That's a surprisingly bold and naive proclamation, especially from someone of Mullen's stature. It takes a lot of imagination, and some highly implausible assumptions, to believe that our national security is really endangered by federal deficits.
The Peterson Foundation provides both, of course. Unfortunately its manipulated facts and figures fail to make their case, even when taken at face value.
What would a rational list of nonmilitary risks look like? Climate change would almost certainly top the list. Many military experts already consider it a grave national security threat. A bipartisan group of 48 defense leaders and experts -- including, perhaps paradoxically, some of the Peterson group's signatories -- signed a full-page ad last year entitled "Republicans and Democrats Agree: U.S. Security Demands Global Climate Action."

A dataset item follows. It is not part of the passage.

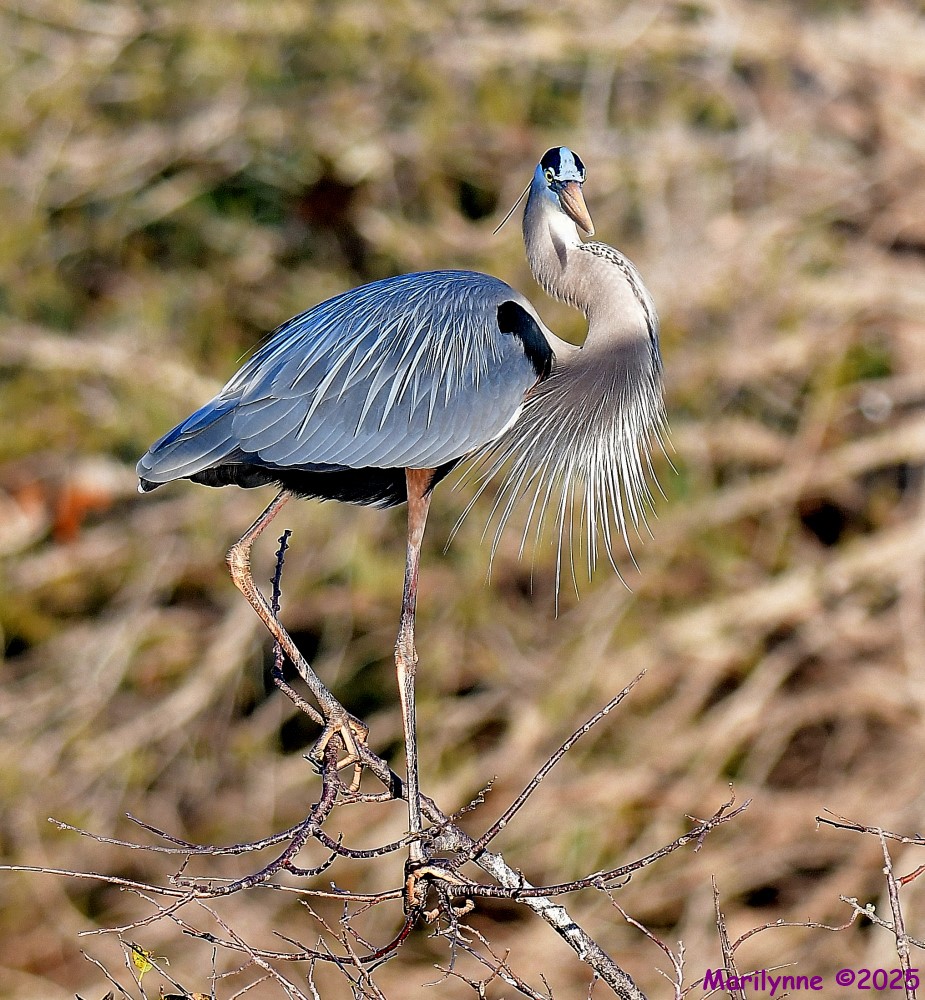 DSC_1017_001.JPG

One defense expert called climate change "the mother of all risks."
It's easy to see why. Rising sea levels threaten many of our coastal towns and cities, including most of lower Manhattan. Millions of Americans are likely to become internal refugees in their own country, posing the risk of widespread lawlessness and instability.
Climate change is expected to trigger a number of future conflicts around the globe, as nations and peoples compete for increasingly scarce resources. Some scientists believe that climate change contributed to the rise of ISIS in Iraq and Syria.
Wealth inequality also belongs near the top of the list. Extreme inequality makes a society unstable. Today millions are trapped in poverty while the 20 richest Americans own more wealth than half the entire nation -- some 150 million people in 57 million households.
Persistent poverty plagues minority communities, while the 400 richest Americans own more than the nation's entire African-American population (plus one-third of this nation's Latinos). There are growing rates of suicide, opioid overdose, and deaths from alcoholism among lower-income whites. Economist Anne Case calls them "deaths of despair."